Striking Anti-VAW Campaign #13: The Purple Rose Campaign – The Philippines
The Purple Rose Campaign Against the Trafficking of Women and Children, under the guidance of AF3IRM, has been running for the past 15 years and continues to advocate against sex trafficking in the Philippines. AF3IRM has partnered with “local communities and organizations to develop trainings and gather resources to provide sexual violence relief for women and children, to identify and stop trafficking, as well as to address reproductive justice and livelihood needs.”
Striking Anti-VAW Campaign #14: Turkish Men Wear Miniskirts In Support Of Women’s Rights – Turkey
After the violent murder of 20-year-old Ozgecan Aslan, men in Turkey took to the streets in miniskirts to campaign against VAW. The protestation spilled over to social media with Turkish men posting images of themselves online alongside the hash tag #ozgecanicinminietekgiy, which translates to “wear a miniskirt for Ozgecan”. The Campaign garnered 900,000 petition signatures asking that institutions to take responsibility for attacks on women.

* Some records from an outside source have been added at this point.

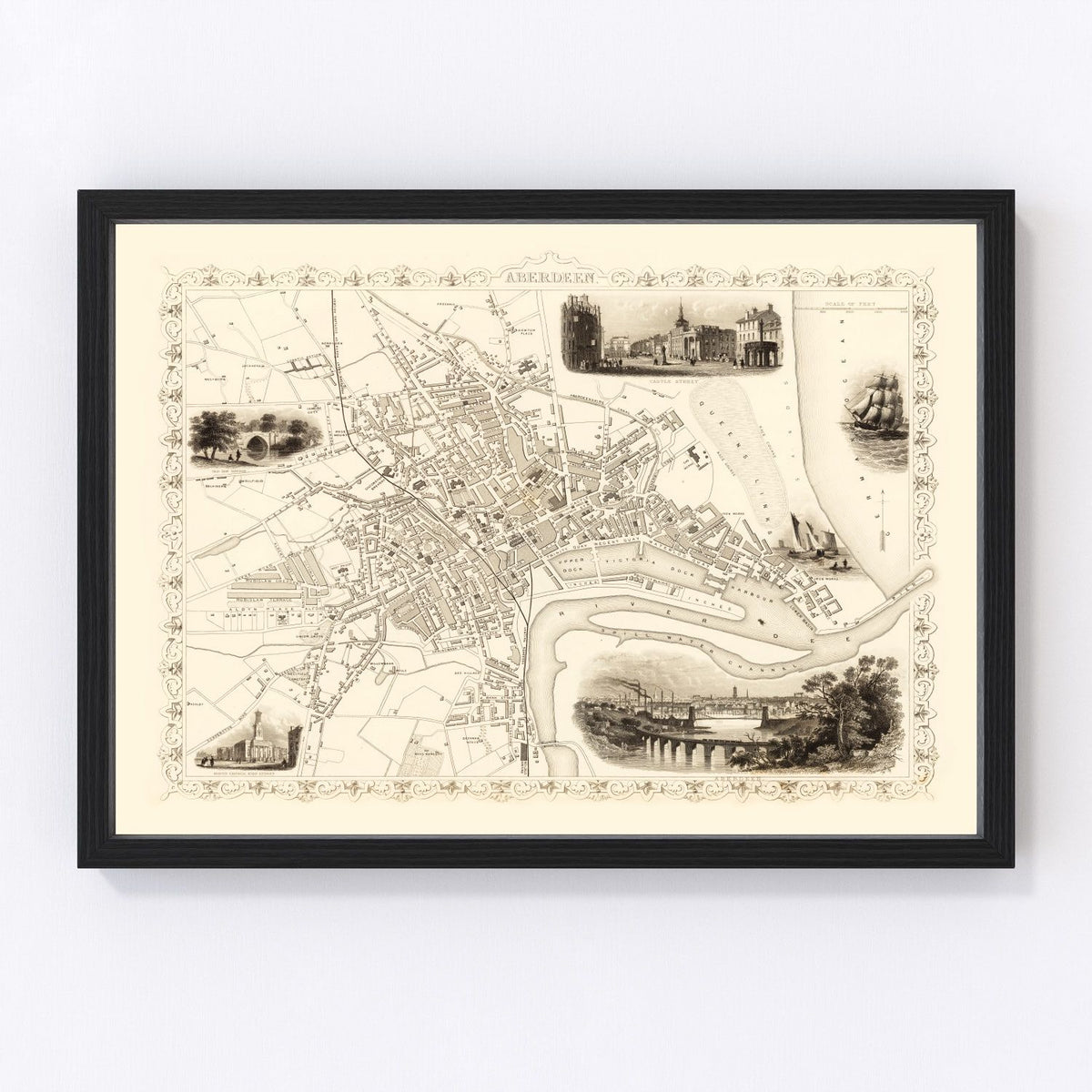 Aberdeen Vintage Map 1851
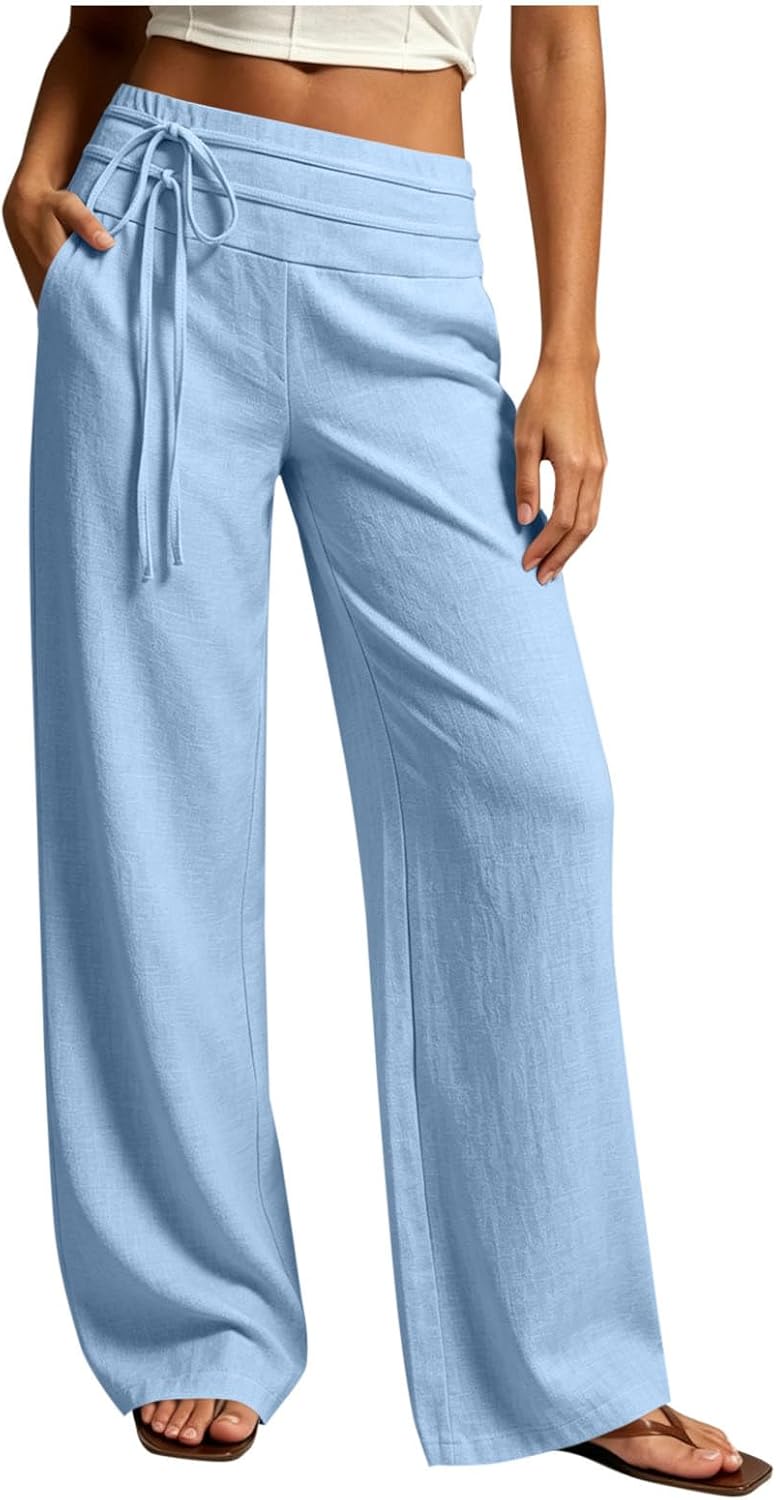 Casual Linen Pants for Women Pull On Wide Leg Palazzo Trousers Summer Beach Vacation Travel Pants with Pockets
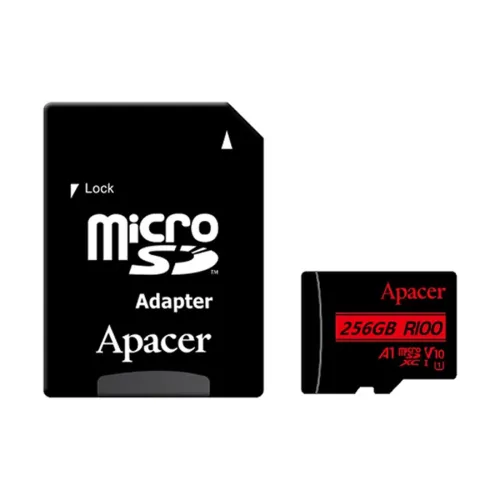 Apacer R100 SDXC/SDHC UHS-I U1 V10 256GB A1 Class 10 Memory Card with Adapter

Striking Anti-VAW Campaign #15: Violence against Women (VAW) campaign – Nepal
WOREC’s Violence against Women campaign is currently using programs to “address numerous multi-faceted issues responsible for VAW in Nepal.” The campaign aims to tackle the causes of women trafficking and other forms of VAW. WOREC has been working for years to end trafficking and run a Women’s Rehabilitation Centre as well as a Safe House.
Striking Anti-VAW Campaign #16: We Can Stop It – Scotland
Police Scotland created We Can Stop It, a rape prevention campaign that targets young men between the ages to 16 – 27. The campaign’s shocking advertisement asks “Do you really know what rape is?” Police Scotland used this perpetrator-focused approach, rather than telling women to be safe and advising them on how not to get raped. Police Scotland is also working with bar owners to train their staff to intervene when they spot women who may be vulnerable.